--- RECORDS TO USE Enclosed Below ---

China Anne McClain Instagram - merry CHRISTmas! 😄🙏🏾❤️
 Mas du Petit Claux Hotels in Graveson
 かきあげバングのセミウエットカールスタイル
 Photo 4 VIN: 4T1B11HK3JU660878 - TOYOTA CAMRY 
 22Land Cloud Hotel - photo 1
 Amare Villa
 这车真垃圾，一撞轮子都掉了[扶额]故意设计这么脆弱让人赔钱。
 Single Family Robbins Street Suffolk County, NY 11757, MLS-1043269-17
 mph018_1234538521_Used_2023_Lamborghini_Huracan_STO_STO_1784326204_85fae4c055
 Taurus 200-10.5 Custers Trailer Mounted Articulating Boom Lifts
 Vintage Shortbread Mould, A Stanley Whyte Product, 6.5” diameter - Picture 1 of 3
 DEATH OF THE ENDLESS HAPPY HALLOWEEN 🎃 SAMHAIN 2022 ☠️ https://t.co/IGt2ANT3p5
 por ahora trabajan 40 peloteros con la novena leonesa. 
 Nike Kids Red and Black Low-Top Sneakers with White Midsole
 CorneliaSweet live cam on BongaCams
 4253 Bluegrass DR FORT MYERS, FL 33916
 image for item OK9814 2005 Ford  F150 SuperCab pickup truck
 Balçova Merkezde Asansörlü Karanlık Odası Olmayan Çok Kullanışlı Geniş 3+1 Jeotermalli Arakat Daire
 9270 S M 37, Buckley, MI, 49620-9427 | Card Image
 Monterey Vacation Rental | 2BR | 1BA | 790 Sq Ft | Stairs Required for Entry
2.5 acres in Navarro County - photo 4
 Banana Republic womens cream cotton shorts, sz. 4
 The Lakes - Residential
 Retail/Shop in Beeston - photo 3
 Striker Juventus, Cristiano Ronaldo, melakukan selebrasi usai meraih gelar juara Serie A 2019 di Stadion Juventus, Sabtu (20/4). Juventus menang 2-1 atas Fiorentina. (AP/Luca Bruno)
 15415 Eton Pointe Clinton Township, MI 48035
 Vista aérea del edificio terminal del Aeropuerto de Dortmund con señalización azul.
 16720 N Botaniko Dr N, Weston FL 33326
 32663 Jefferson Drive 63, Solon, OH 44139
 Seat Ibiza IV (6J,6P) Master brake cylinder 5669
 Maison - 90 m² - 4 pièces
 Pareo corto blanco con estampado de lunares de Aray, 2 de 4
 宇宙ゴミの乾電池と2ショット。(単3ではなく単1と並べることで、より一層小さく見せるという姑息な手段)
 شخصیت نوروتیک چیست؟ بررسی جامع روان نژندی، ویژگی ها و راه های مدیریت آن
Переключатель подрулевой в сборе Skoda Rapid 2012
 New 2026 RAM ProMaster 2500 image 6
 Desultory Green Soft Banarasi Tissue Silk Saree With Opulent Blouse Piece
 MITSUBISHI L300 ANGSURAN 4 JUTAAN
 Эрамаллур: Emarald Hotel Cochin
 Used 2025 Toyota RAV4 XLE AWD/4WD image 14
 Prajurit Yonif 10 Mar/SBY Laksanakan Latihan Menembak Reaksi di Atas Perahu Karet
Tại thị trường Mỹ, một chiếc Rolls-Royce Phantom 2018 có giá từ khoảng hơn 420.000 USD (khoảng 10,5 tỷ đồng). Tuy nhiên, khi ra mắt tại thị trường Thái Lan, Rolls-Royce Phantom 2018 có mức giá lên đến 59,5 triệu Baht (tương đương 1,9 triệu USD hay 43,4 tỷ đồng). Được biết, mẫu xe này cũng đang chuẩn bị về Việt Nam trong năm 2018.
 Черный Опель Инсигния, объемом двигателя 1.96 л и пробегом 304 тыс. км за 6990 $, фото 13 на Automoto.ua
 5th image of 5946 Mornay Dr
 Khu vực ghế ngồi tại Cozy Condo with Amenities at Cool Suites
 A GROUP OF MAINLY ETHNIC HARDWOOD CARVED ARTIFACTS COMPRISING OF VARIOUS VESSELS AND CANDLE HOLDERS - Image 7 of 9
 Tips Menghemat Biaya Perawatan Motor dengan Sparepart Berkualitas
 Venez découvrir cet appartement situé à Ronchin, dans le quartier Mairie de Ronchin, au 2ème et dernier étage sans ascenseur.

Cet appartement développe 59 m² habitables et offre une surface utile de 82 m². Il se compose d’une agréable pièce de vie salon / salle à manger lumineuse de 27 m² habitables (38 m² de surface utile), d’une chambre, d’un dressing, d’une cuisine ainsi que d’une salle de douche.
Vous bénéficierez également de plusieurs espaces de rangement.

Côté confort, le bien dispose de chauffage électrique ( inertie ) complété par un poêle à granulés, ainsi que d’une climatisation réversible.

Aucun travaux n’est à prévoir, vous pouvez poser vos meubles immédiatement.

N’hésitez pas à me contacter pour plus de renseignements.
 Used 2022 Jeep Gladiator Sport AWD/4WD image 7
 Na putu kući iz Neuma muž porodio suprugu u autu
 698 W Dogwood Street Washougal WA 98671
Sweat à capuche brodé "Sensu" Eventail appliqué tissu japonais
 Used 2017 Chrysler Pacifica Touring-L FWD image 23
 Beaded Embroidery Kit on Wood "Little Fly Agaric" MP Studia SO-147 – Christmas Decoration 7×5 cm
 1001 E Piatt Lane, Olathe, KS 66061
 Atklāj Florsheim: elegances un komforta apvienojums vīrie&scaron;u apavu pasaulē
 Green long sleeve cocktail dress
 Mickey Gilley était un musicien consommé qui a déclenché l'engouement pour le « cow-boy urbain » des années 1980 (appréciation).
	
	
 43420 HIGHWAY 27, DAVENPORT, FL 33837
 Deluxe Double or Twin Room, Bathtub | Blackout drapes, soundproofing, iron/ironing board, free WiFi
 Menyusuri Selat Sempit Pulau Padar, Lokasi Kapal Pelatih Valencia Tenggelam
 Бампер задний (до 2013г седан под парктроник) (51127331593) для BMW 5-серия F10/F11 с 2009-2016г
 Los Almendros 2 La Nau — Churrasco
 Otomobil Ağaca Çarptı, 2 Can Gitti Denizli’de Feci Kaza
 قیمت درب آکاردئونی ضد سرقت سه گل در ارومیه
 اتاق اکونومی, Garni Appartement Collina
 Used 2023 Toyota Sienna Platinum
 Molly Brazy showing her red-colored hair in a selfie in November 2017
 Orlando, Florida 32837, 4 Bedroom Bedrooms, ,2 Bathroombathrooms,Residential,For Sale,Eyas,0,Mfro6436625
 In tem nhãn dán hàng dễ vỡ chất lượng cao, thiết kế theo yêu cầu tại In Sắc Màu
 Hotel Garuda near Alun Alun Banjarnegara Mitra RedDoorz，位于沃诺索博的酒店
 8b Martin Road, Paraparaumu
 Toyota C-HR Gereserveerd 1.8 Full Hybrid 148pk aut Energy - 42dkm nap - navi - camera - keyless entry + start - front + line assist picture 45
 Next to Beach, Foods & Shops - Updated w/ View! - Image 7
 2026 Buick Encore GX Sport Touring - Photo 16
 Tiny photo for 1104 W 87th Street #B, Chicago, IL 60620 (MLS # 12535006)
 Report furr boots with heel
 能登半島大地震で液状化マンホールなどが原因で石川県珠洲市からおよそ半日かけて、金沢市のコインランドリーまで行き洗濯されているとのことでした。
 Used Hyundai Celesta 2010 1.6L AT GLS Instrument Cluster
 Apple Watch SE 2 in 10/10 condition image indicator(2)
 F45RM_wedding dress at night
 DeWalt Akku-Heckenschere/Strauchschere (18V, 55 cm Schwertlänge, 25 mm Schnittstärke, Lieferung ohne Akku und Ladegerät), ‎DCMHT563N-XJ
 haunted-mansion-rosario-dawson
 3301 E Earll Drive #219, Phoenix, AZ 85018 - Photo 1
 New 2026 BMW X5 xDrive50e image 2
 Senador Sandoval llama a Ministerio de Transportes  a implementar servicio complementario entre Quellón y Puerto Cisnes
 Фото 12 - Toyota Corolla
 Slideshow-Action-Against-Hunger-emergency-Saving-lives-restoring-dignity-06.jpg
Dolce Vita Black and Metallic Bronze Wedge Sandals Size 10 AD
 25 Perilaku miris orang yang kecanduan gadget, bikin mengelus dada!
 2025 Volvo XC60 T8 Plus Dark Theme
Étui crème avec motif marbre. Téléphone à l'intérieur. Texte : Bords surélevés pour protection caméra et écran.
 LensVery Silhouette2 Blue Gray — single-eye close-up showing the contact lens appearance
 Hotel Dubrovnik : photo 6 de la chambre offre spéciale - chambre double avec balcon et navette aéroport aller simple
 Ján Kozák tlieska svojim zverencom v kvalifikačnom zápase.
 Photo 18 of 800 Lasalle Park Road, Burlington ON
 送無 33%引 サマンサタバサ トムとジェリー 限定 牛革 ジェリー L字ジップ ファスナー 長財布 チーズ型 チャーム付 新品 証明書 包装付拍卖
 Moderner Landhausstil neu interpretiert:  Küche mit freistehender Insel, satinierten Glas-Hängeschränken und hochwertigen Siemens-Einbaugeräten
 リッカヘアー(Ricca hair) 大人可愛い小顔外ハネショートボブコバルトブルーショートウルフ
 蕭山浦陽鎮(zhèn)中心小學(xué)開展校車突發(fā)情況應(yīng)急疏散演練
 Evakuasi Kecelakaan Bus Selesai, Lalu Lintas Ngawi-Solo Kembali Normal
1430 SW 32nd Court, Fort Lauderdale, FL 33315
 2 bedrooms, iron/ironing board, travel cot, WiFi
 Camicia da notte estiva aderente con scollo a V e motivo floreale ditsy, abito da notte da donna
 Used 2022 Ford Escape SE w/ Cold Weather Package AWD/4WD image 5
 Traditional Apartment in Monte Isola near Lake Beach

--- End of Enclosed RECORDS TO USE ---

Copy out every line of the data that includes "iron".

YOUR RESPONSE:
 Deluxe Double or Twin Room, Bathtub | Blackout drapes, soundproofing, iron/ironing board, free WiFi
 2 bedrooms, iron/ironing board, travel cot, WiFi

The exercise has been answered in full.